More specifically, a first plurality of pins 18 may extend away from 
perimeter region 14 of platen 12 and a second plurality of pins 20 may 
extend away from said interior region 16 of platen 12. In the preferred 
embodiment, pins 18 and 20 are of equal length and are spaced equally on 
their respective regions. As described more fully hereinafter, it is the 
unique configuration and positioning of these pins which forms a 
significant aspect of the subject invention. 
As can be seen in FIG. 1B, in the preferred embodiment, tool 10 comprises 
five separate components or sections. As depicted in FIG. 1B, these five 
sections include a central member which forms interior region 16, and four 
outer sections which form perimeter region 14. Therefore, perimeter region 
14 may comprise a first section 22, a second section 24, a third section 
26 and a fourth section 28. By way of conventional methods of attachment, 
each of the four outer sections and interior region 16 can be attached 
together to form tool 10. Preferably, the five components or sections are 
mounted to an aluminum block. 
In the preferred embodiment, first region 14 extends around the perimeter 
of platen 12, and second region 16 may be disposed within first region 14. 
Therefore, second region 16 may be surrounded by first region 14. 
Preferably, interior region 16 is a flat planar surface, centrally located 
on platen 12. 
As illustrated in FIGS. 2 and 3, first region 14 is skewed in relation to 
second region 16, thus providing a sloped configuration about the 
perimeter of platen 12. In the preferred embodiment (see FIG. 3), an angle 
of 175 degrees is formed between the planar surface of perimeter region 14 
and the planar surface interior region 16. Therefore, there is a skew 
angle (.theta.) of 5 degrees between perimeter region 14 and inner region 
16. 
It should be understood that other degrees of skew may be employed in the 
subject invention, and the invention is in no way limited to the 5 degrees 
described above. Depending upon the nature and characteristic of the weld 
desired, it may be advantageous to provide a skew greater or less than 5 
degrees. Therefore, the angle formed between the planar surface of 
perimeter region 14 and the planar surface interior region 16 may be less 
than 180 degrees. The specific skew ultimately selected will depend on a 
variety of characteristics, including, for example, the degree of recess 
desired for the perimeter region of the heel pad into the floor mat. 
Because tool 10 is employed for joining a heel pad to a floor mat, platen 
12 should correspond to the shape of the specific heel pad desired to be 
joined to the floor mat.
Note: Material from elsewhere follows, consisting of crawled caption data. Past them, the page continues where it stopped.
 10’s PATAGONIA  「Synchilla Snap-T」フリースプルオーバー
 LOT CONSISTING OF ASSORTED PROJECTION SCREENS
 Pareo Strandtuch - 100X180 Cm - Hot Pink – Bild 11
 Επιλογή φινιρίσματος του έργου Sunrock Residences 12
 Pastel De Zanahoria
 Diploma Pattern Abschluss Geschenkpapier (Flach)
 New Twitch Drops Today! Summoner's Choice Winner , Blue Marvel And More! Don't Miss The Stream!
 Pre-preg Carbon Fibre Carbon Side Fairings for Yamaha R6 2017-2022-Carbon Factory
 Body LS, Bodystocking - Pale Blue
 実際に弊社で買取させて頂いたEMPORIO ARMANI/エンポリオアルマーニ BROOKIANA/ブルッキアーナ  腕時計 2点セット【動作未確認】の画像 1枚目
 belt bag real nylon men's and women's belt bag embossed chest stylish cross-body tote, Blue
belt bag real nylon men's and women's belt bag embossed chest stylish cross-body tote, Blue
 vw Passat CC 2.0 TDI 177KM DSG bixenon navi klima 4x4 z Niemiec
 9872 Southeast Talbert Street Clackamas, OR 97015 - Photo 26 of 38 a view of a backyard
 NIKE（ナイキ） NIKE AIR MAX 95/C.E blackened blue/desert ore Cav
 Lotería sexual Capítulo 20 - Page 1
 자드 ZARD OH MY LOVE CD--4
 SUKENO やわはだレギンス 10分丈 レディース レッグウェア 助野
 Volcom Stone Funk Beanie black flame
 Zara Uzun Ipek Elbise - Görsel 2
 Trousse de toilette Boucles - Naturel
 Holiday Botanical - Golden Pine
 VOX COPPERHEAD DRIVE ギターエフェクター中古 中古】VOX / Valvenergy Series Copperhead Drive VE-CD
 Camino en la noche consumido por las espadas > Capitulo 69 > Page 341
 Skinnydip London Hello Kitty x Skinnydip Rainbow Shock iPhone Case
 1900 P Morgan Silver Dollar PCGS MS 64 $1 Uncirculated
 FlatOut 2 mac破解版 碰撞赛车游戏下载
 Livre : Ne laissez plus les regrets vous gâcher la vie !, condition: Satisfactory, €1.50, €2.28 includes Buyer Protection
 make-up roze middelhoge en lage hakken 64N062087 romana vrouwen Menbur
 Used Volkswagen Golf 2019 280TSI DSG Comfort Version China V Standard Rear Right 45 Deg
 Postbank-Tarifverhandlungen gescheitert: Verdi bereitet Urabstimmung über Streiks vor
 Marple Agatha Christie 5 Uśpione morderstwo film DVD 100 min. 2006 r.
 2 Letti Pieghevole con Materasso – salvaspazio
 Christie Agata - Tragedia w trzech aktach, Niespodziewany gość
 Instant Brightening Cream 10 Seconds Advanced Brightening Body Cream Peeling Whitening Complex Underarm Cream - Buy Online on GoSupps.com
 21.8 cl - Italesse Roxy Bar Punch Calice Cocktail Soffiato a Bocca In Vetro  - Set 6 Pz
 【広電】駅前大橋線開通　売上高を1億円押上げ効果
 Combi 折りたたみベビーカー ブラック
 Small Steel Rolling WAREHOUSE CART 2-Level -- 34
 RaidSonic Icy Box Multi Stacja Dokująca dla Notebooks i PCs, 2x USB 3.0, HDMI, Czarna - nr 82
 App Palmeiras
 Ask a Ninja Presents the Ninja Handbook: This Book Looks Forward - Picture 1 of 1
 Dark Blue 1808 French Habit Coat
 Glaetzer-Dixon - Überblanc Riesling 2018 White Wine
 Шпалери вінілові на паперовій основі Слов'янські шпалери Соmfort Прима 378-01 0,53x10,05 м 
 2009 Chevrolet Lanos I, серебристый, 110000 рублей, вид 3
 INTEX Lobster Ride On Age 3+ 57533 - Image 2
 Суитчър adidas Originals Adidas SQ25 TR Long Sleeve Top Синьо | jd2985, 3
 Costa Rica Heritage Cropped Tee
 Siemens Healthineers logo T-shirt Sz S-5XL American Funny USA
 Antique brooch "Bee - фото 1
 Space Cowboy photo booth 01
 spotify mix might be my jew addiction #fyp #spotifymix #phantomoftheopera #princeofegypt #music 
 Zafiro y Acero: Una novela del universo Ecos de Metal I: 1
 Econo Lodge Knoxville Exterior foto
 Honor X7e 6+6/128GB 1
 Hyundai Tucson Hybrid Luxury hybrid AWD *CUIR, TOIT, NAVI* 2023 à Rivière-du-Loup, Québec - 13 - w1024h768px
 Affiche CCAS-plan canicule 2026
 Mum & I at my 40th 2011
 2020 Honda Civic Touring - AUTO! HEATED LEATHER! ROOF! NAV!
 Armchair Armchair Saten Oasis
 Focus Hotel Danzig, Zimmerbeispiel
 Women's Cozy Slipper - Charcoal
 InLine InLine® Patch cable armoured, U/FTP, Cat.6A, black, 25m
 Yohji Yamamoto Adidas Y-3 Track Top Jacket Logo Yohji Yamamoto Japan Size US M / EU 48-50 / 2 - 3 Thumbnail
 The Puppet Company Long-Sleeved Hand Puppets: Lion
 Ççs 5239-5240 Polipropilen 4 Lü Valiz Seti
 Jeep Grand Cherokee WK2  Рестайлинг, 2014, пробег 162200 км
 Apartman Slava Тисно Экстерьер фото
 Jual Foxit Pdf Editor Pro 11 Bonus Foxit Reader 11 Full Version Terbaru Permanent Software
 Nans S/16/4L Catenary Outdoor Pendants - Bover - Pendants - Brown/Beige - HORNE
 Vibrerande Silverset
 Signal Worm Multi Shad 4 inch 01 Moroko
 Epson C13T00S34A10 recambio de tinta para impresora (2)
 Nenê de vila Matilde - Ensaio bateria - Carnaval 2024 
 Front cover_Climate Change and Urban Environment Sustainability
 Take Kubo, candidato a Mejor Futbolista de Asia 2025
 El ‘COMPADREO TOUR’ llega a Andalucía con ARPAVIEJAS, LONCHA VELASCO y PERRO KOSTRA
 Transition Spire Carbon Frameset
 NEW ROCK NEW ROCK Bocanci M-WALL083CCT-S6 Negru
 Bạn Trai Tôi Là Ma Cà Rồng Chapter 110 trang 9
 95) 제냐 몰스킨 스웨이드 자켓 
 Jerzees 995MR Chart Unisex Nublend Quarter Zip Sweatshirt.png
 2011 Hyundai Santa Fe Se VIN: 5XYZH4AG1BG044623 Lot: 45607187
As shown best in FIG. 1A & 1B, tool 10 is 
rectangular in shape to correspond to a heel pad which also is rectangular 
in shape. However, the actual shape of tool 10 will depend upon the 
desired shape for the heel pad, which can take a variety of different 
shapes and forms. 
As for the specific tool described in the subject application, tool 10 is 
preferably employed such that perimeter pins 18 and interior pins 20 face 
downward during operation (see FIG. 6). When viewing the side of tool 10 
having pins 18 and 20 projecting from platen 12, as shown in FIG. 1A, 
first region 14 and second region 16 resembles a "pool-like" structure, 
which includes four sloping side walls. Sections 22, 24, 26 and 28 
represent the side walls of the "pool-like" structure (see FIG. 1B). 
First plurality of pins 18 extend away from first region 14 and second 
plurality of pins 20 extend away from second region 16. Because of their 
location on separate regions of platen 12, first plurality of pins 18 may 
be referred to as "perimeter" pins 18 throughout this specification, while 
second plurality of pins 20 may be referred to as "interior" pins 20. Pins 
18 and 20 may be fabricated from hardened A2 tool steel. 
As can be seen best in FIG. 3, each perimeter pin 18 is preferably angled 
or tilted outward towards its respective outer edge of first region 14. 
For example, pins 18 extending from side section 22 (FIG. 1B) of perimeter 
region 14 may be tilted towards an outer edge of side section 22. 
Preferably, an angle (.beta.) of 75 degrees may be formed between a 
central longitudinal axis of each perimeter pin 20 and the planar surface 
corresponding to the respective section of the perimeter region 14 from 
which each pin projects. Therefore, each pin is preferably tilted 10 
degrees, from an imaginary axis which runs perpendicular to the planar 
surface of interior region 16. Therefor, an angle (.PHI.) of 10 degrees is 
preferably formed between the vertical axis running perpendicular to the 
planar surface of interior region 16 and the central longitudinal axis of 
each pin 18. 
While a tilt angle of 10 degrees is preferred, it should be noted that the 
present invention is in no way limited to such an angle. Therefore, in 
lieu thereof, the degree of angulation or tilt for each perimeter pin 18 
may be adjusted, depending upon the desired characteristics for the weld 
between the heel pad and floor mat. 
Interior pins 20 are preferably oriented perpendicular to the planar 
surface of interior region 16. Therefore, interior pins 20 may extend 
straight up and are each arranged parallel to one another. Because of the 
tilt of the perimeter pins 18, interior pins 20 are preferably arranged 
nonparallel to perimeter pins 16. Moreover, as described above, each 
perimeter pin 18 is angled or tilted outward towards the edge of its 
respective section. Therefore, for example, each of the pins extending 
from first section 22 are arranged non-parallel to pins extending from 
second surface 24, third surface 26 and fourth surface 28. 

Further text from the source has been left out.